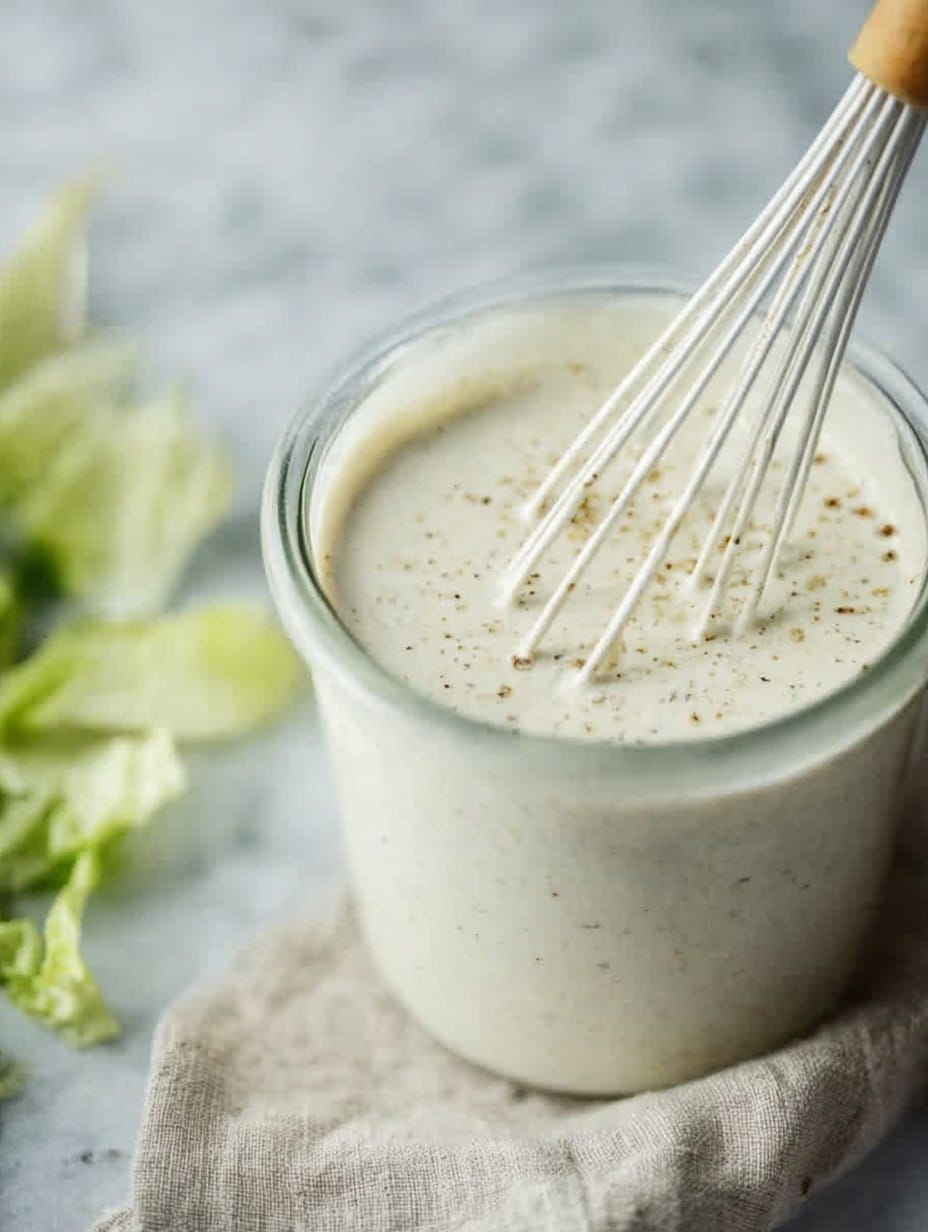 Original Caesar Salad Dressing Recipe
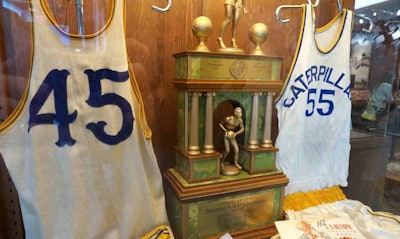 Caterpillar Diesels Basketball Jerseys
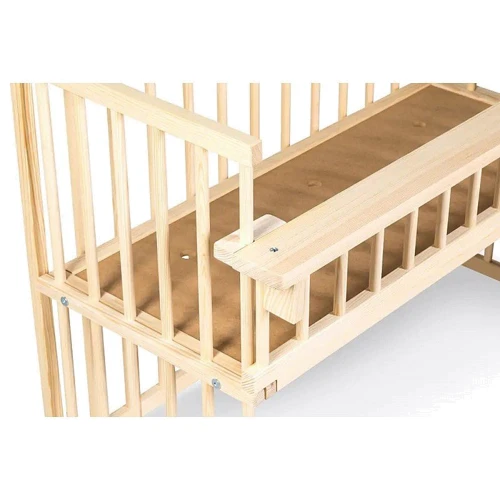 Приставная кроватка Klups PICCOLINO 90х40 см дерево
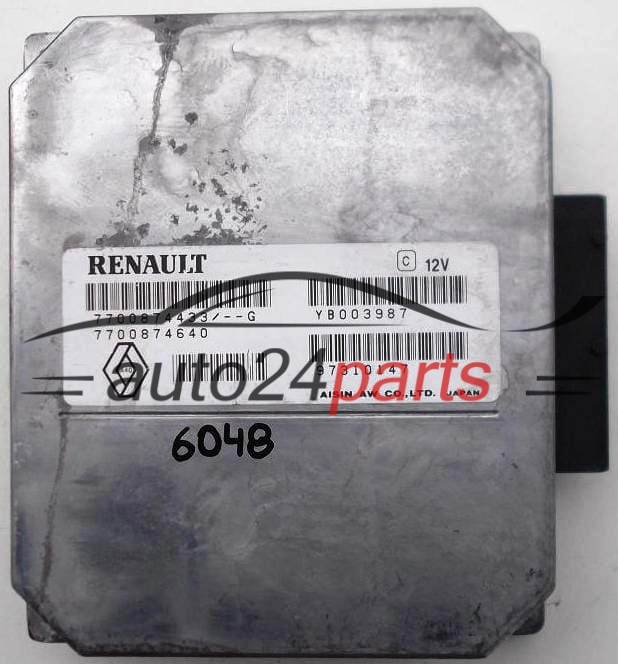 CENTRALINA DO MOTORE RENAULT SAFRANE Aisin 7700874433, 7700874640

-------------------------

(Exercise instructions):
Go through the listing above and retype each line exactly, apart from the pictures.

(Solved problem):
 Original Caesar Salad Dressing Recipe
 Caterpillar Diesels Basketball Jerseys
 Приставная кроватка Klups PICCOLINO 90х40 см дерево
 CENTRALINA DO MOTORE RENAULT SAFRANE Aisin 7700874433, 7700874640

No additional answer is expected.